_What to work on:_
Retyping should cover only the lines from the one containing "GOODLAND ISLES - Land" through the final line of the records, with pictures omitted.

Image-caption web data:
---------------
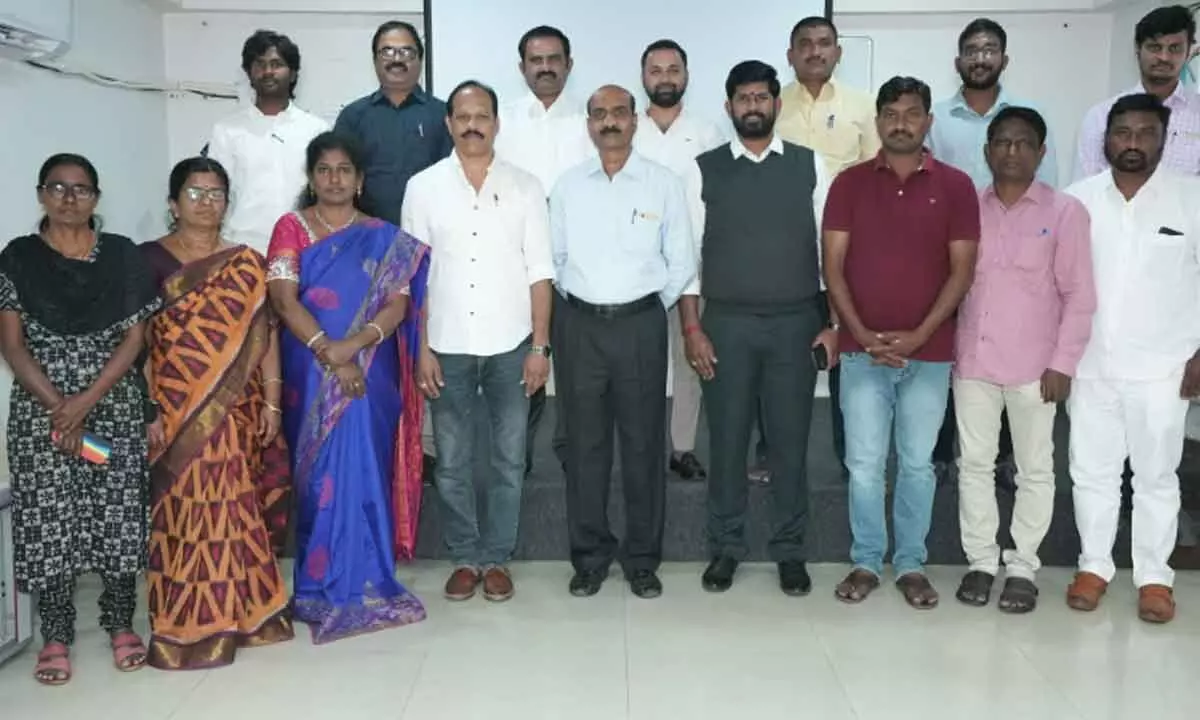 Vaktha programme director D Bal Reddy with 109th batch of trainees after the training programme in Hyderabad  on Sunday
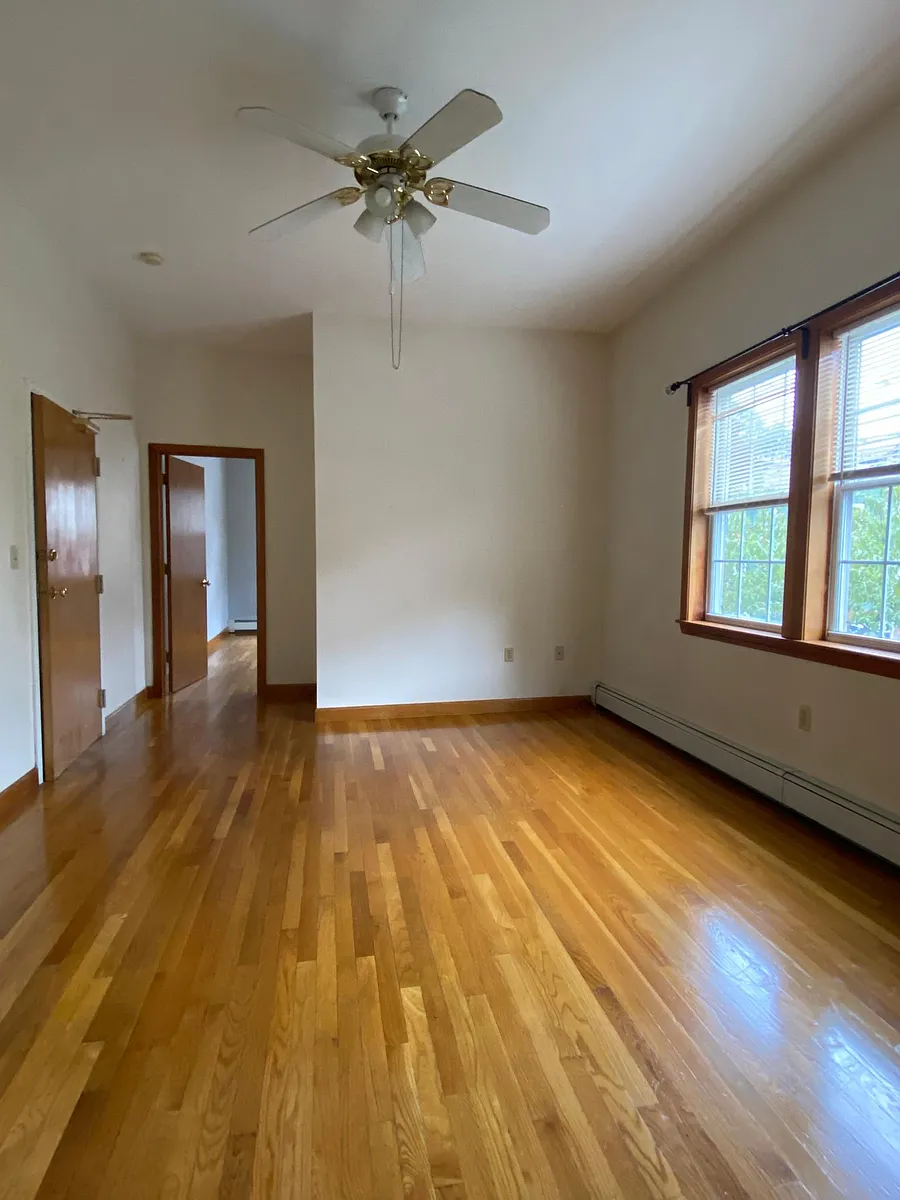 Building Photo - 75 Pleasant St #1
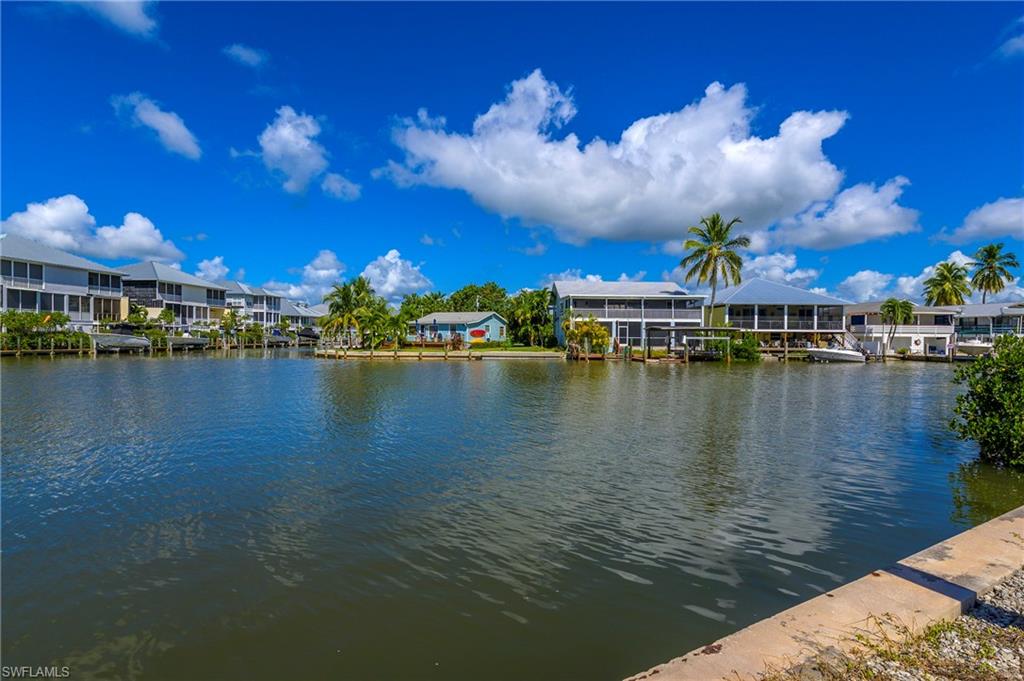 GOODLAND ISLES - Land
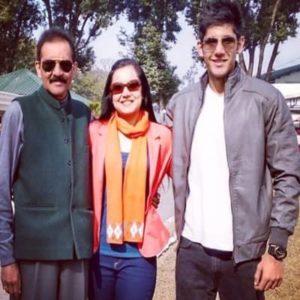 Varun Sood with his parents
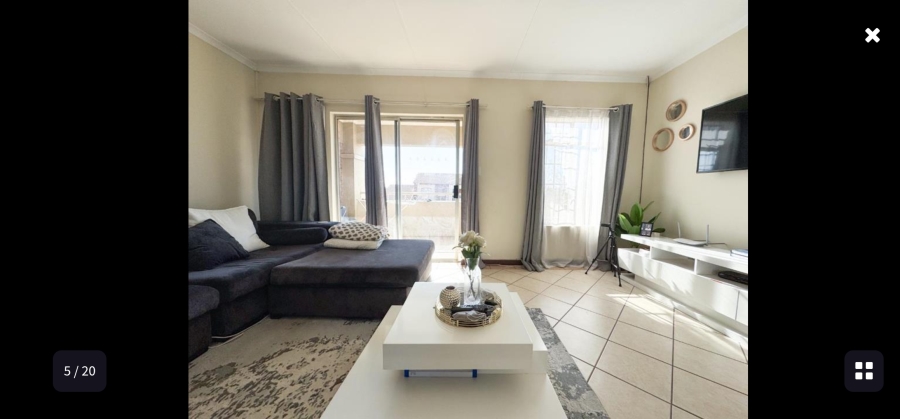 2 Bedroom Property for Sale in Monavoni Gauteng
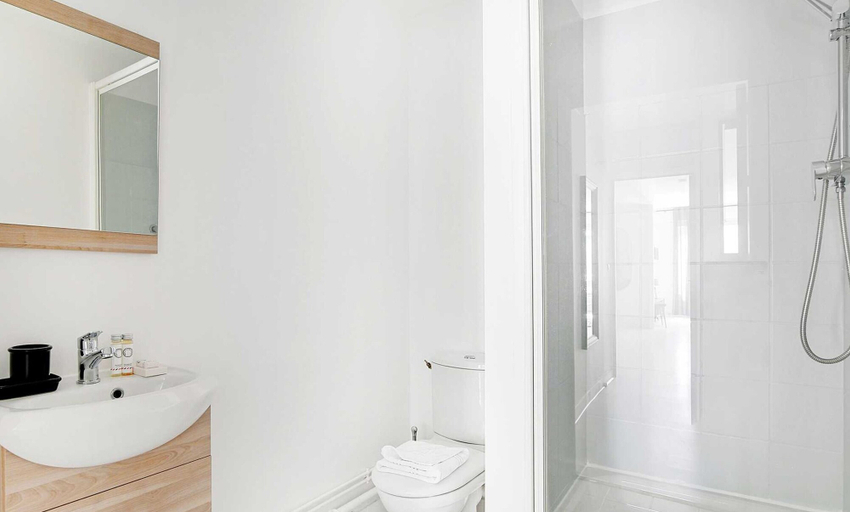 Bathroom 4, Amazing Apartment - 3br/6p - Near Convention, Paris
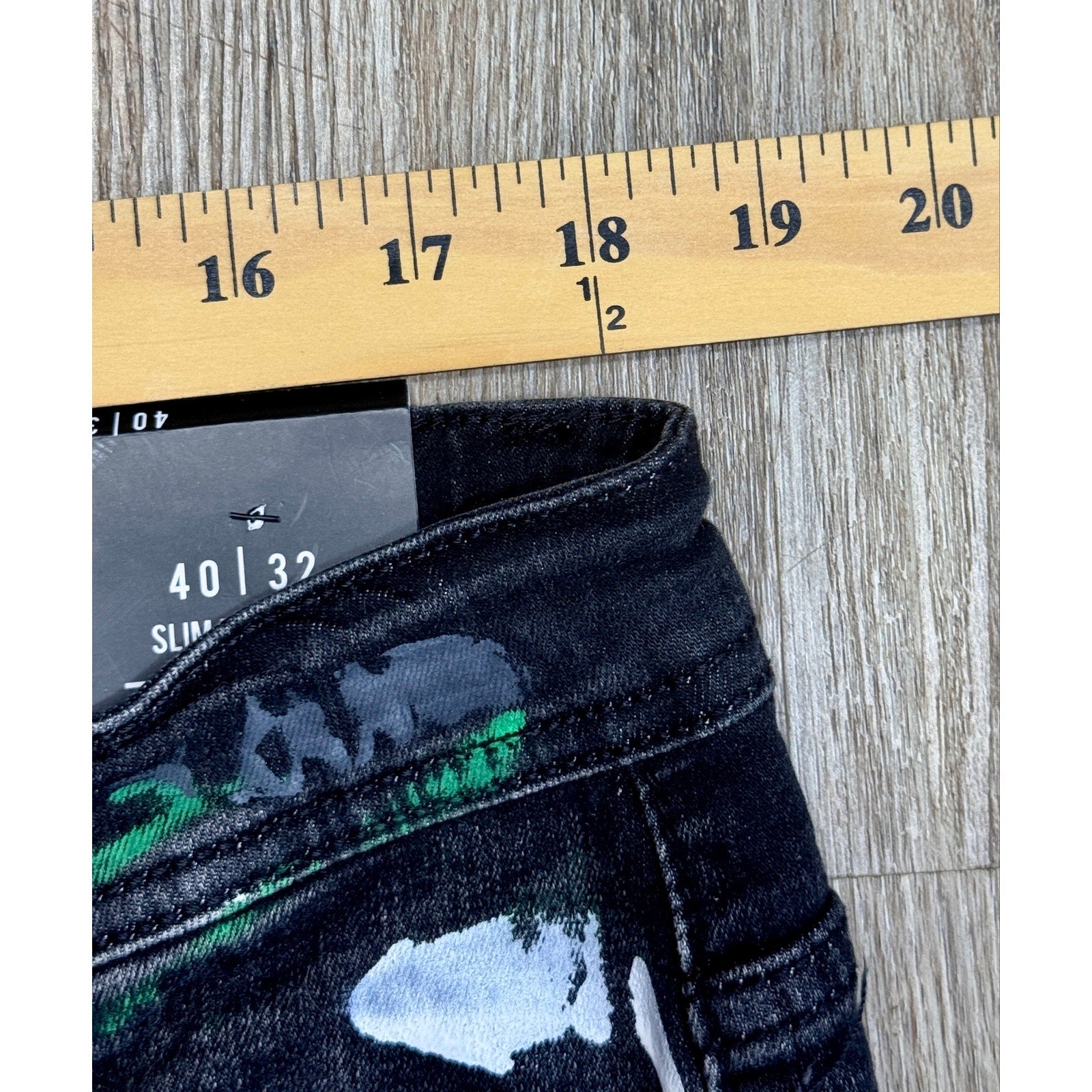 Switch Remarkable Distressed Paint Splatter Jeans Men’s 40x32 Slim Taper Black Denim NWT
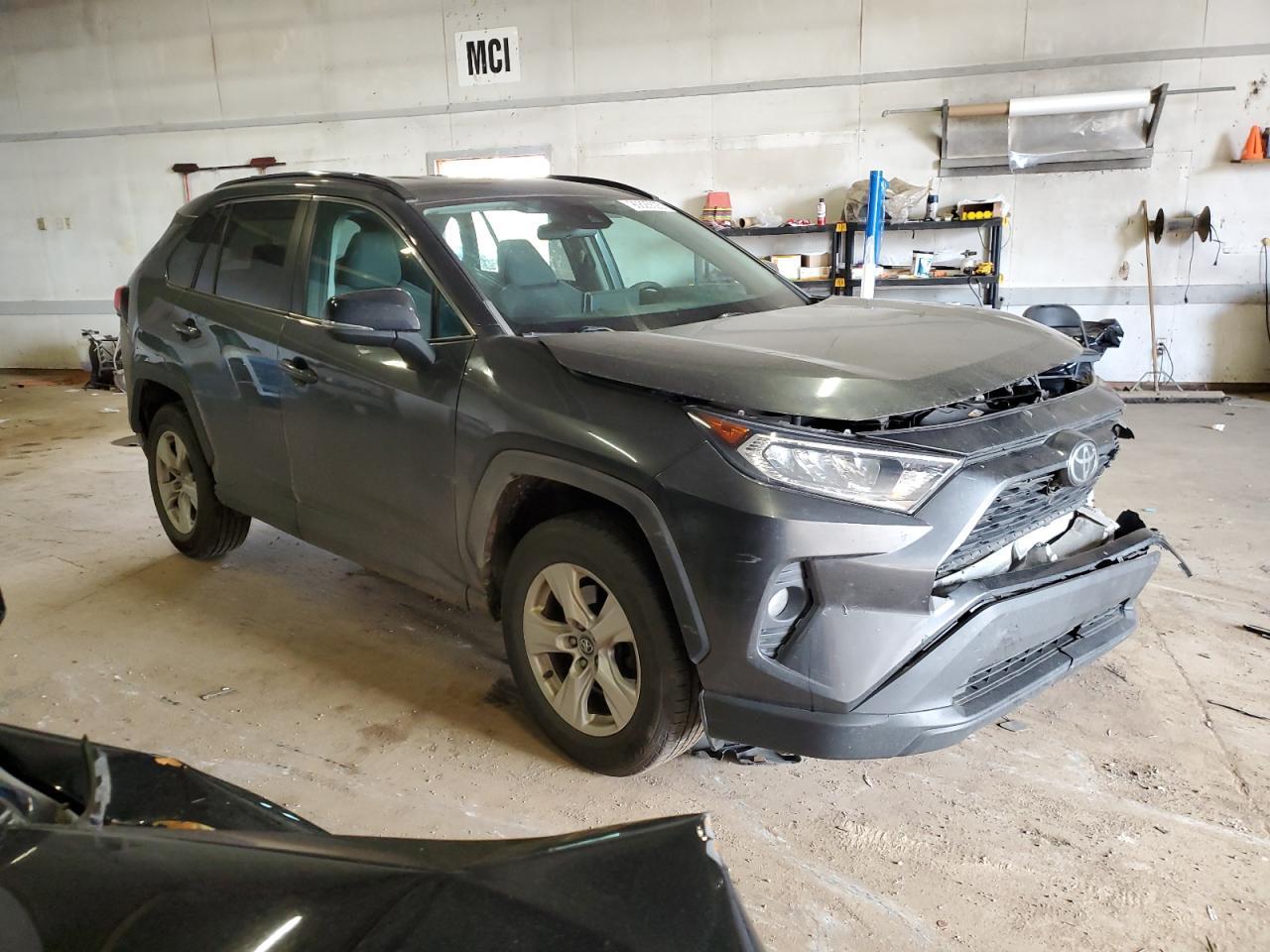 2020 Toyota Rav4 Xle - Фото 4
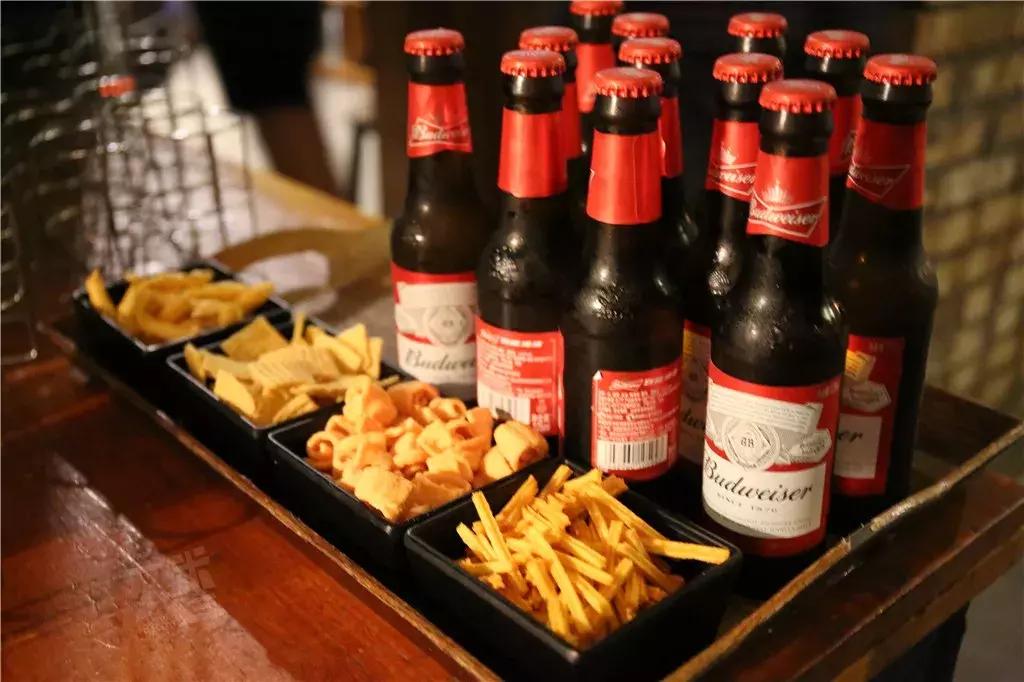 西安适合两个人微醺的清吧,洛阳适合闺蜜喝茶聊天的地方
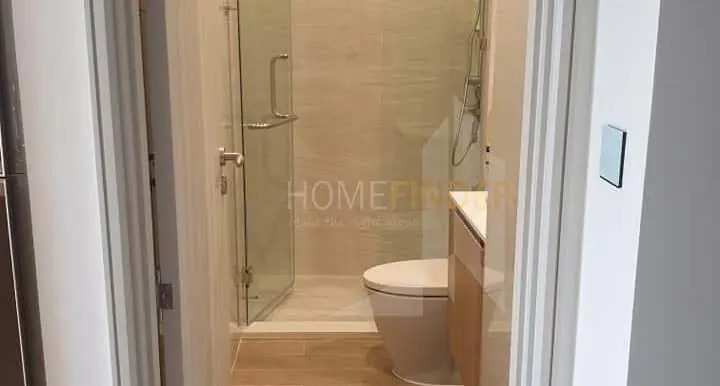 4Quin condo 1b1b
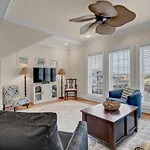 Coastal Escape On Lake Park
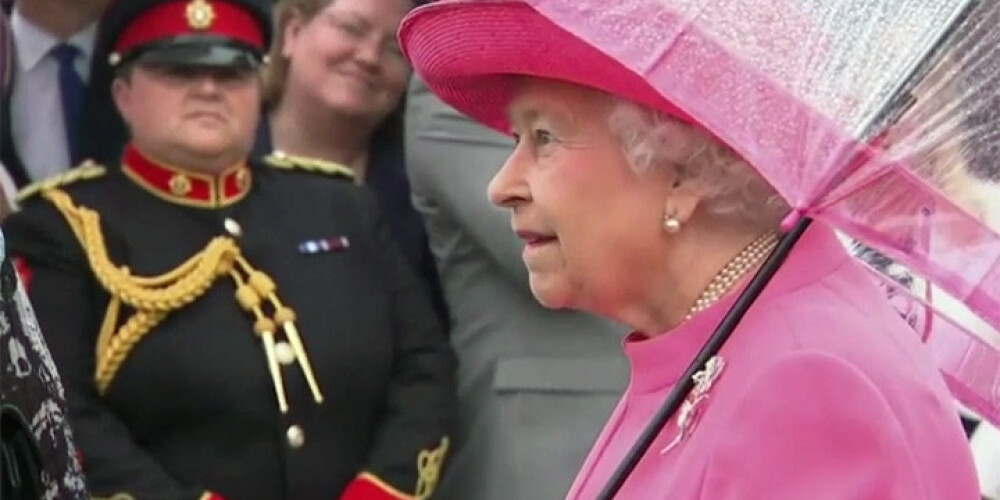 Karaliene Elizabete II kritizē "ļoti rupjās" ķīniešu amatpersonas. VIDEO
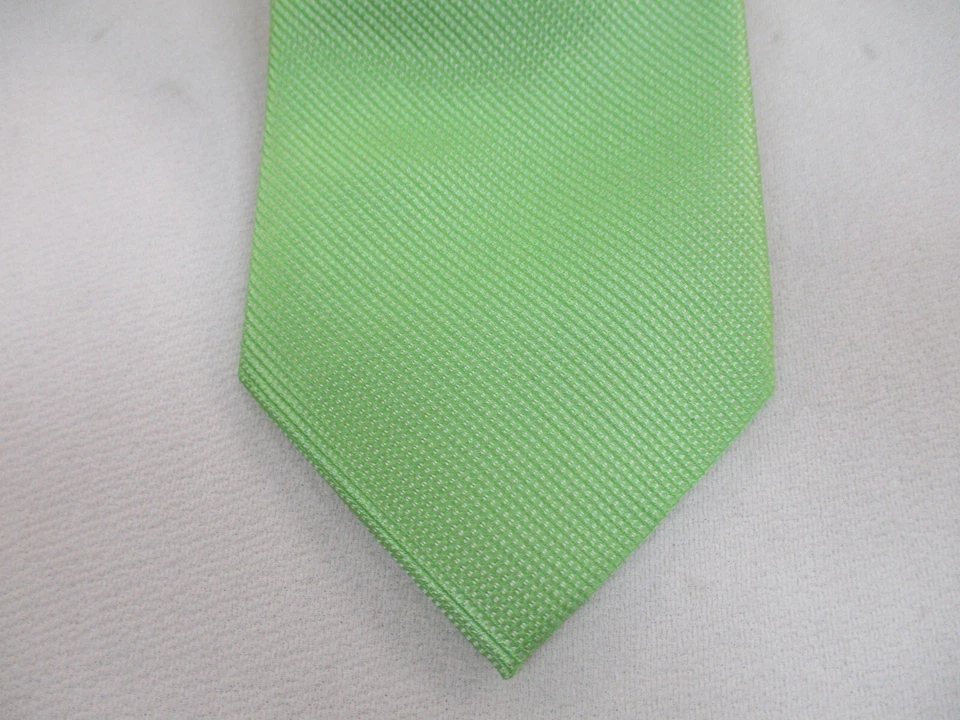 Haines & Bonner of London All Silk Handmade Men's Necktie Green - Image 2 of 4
---------------
_Finished task:_
 GOODLAND ISLES - Land
 Varun Sood with his parents
 2 Bedroom Property for Sale in Monavoni Gauteng
 Bathroom 4, Amazing Apartment - 3br/6p - Near Convention, Paris
 Switch Remarkable Distressed Paint Splatter Jeans Men’s 40x32 Slim Taper Black Denim NWT
 2020 Toyota Rav4 Xle - Фото 4
 西安适合两个人微醺的清吧,洛阳适合闺蜜喝茶聊天的地方
 4Quin condo 1b1b
 Coastal Escape On Lake Park
 Karaliene Elizabete II kritizē "ļoti rupjās" ķīniešu amatpersonas. VIDEO
 Haines & Bonner of London All Silk Handmade Men's Necktie Green - Image 2 of 4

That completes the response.